Consider the following surfaces S1: xyz=10 and S2: z=x^2+y^2
I cannot understand whether S1 and S2 are three dimensional or 4 dimensional.
S1 seems to be 4 dimensional, as I can consider x, y and z as independent variables. S2 seems to be 3 dimensional, as z is dependent on x and y.
However, my professor wrote G(x,y,z)=xyz and H(x,y,z)=x^2+y^2-z while solving a problem related to these surfaces.
Don't the functions G and H show that x,y,z are independent variables, so the function is in 4D?
I am very confused, please help :(
I'll expand on my comment.
Let's be a little more careful about what $S_1$ and $S_2$ are. Let's start with $S_1$ $$S_1=\{(x,y,z)\in\Bbb{R}^3 : xyz=10\}$$
So we can see that $S_1$ is a subset of 3-dimensional space ($\Bbb{R}^3)$ cut out by a single equation/condition $xyz=10$. Thus we have three independent variables on which we impose one constraint, so $S_1$ is a 2-dimensional subset of 3-dimensional space.

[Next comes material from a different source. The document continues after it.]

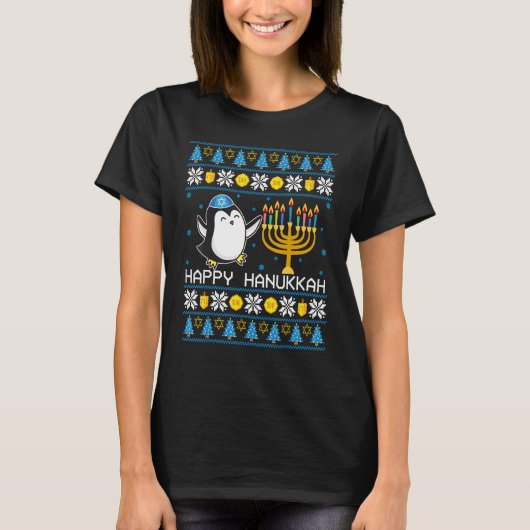 Happy Hanukkah Penguin Ugly Sweater Jewish Chanuka T-shirt (Voorkant)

Similarly $$S_2=\{(x,y,z)\in\Bbb{R}^3:z=x^2+y^2\}$$ is also a subset of 3-dimensional space cut out by a single equation, so $S_2$ is 2-dimensional.
The confusion you seem to be having with respect to the functions is that $x$, $y$, and $z$ are independent variables in $\Bbb{R}^3$, but not on $S_1$ or $S_2$ (since we imposed constraints on the variables to define the surfaces).
Not sure how you got to 4-dimensional space, or four independent variables though.